The announcement of his retirement came way back in January through ISPR, yet, come November, the COAS has surprised many by sticking to his word and not seeking an extension to his tenure at the head of the armed forces. There have been calls to do otherwise, the banners put up in Karachi and whispered rumours of granting him a permanent position at the head of the armed forces as field marshal have not been entertained.

By moving forward with his retirement plans, General Raheel Sharif has given further credence to the institutional integrity of the army, at a time when other institutions, including the government, have no such moral high-ground. Following the rules at a time when others are publicly perceived as breaking them can do wonders for the image of an institution – not that the public perception of the army was ever tarnished, but after three years, it looks more polished than it ever was.

Perhaps the cornerstone of General Raheel Sharif’s time as COAS has been exactly this – looking to improve the public perception of the army even further. The war on terror and the armed forces’ success in counter-terrorism efforts have been important, but any strong-willed General with tactical know-how and grit could have taken the fight to the enemy. The military takeovers, particularly the last one, had left many in the country wary of the intentions of the top brass with regards to democratic governance.

A COAS that could make the army protect institutional rules and procedures while keeping its power and influence intact is something that the country had so far not seen. With three years under his belt, General Raheel Sharif, and through him, the army was at the head of matters of foreign policy in relation to specific states, and was consistently compared to the sitting government, making the Prime Minister seem like the lesser Sharif at every step. Strategic policy had always been the domain of the establishment, but during General Sharif’s tenure, key economic decisions (CPEC) were also made with the army at the table.

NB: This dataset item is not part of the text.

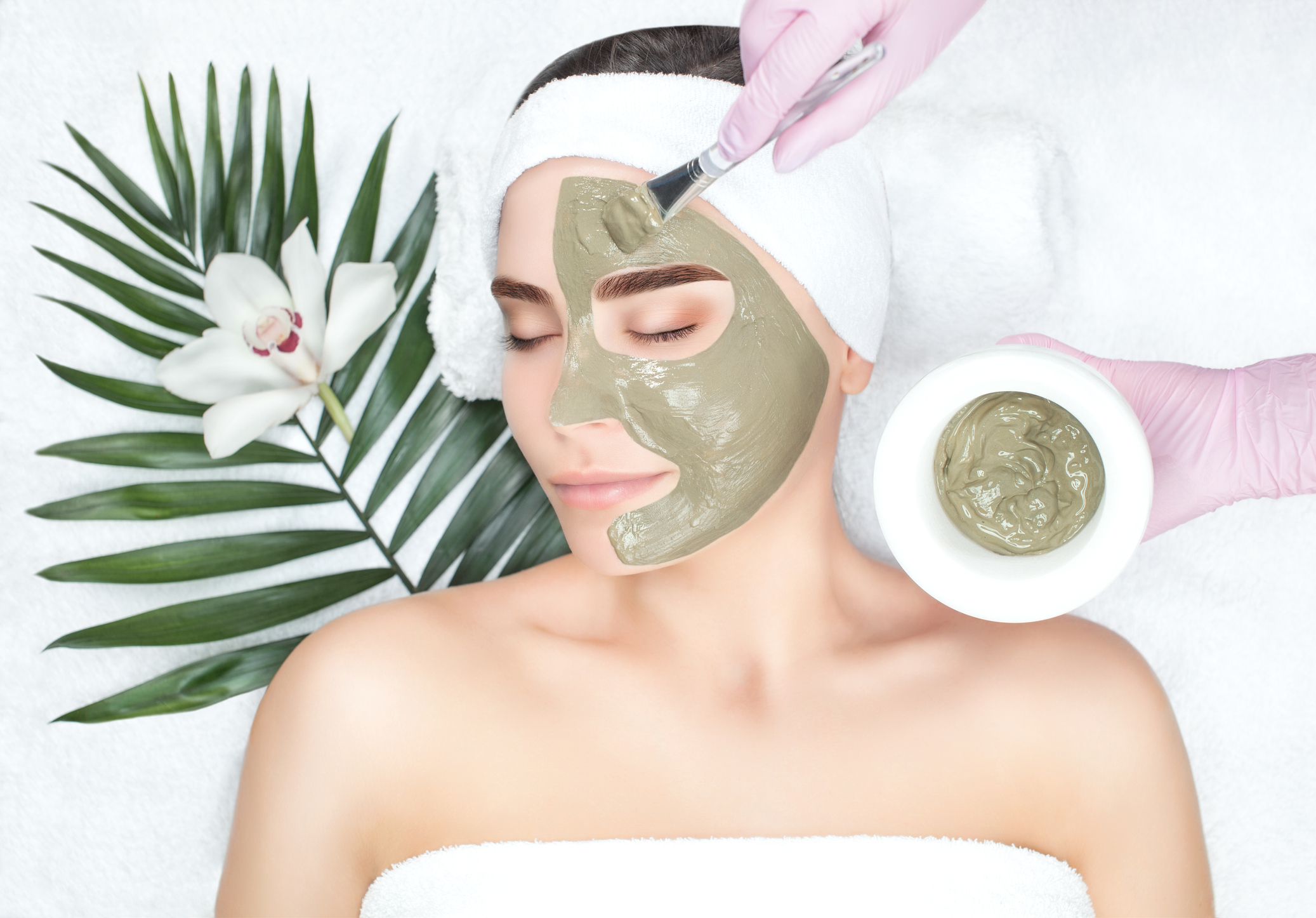 The procedure for applying a mask from clay to the face of a beautiful woman
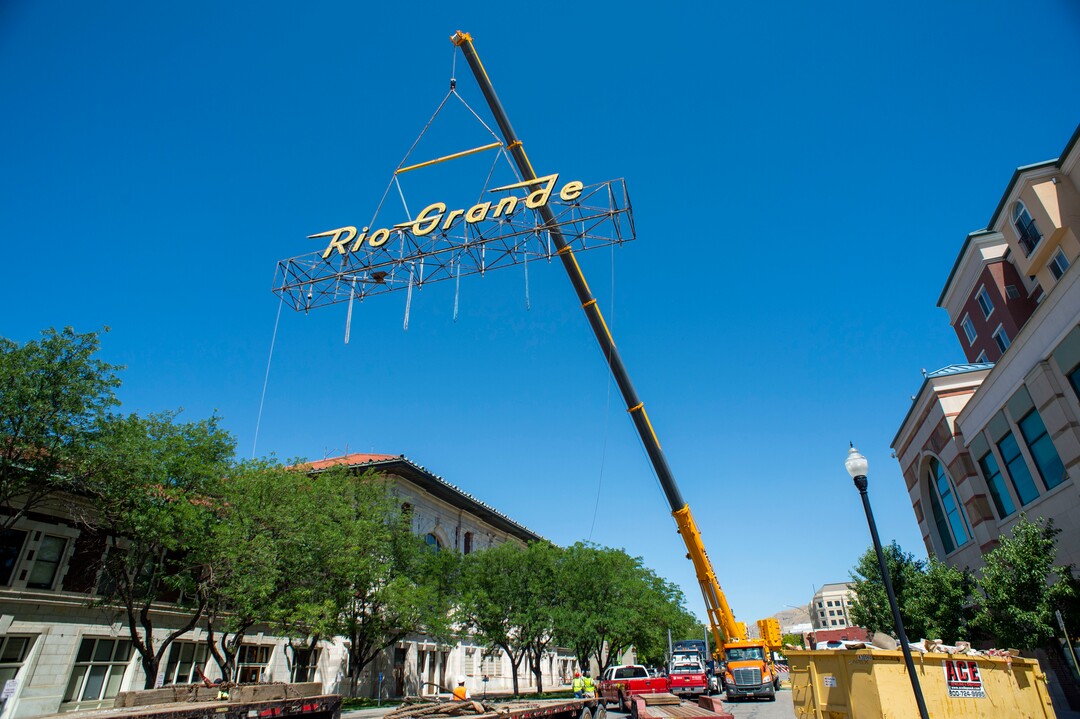 (Rick Egan  |  The Salt Lake Tribune)     The  neon Rio Grande sign that has shined from the rooftop of the Rio Grande Depot for more than 50 years is removed from the building, Monday, Aug. 12, 2019.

And that is what makes the retiring General special. The gains made on the battlefield were successful and tangible – the Global Terrorism Index has recorded a drop in terrorist activities in Pakistan for two straight years – but the ability to not take unnecessary action or liberties beyond what was required of a COAS is what will make General Raheel stand out from his predecessors. His retirement signifies that the army is an institution, and not an individual, that passing the torch does not have to imply upheaval, and can often be the most welcome choice. One can only hope that his successor will have similar values.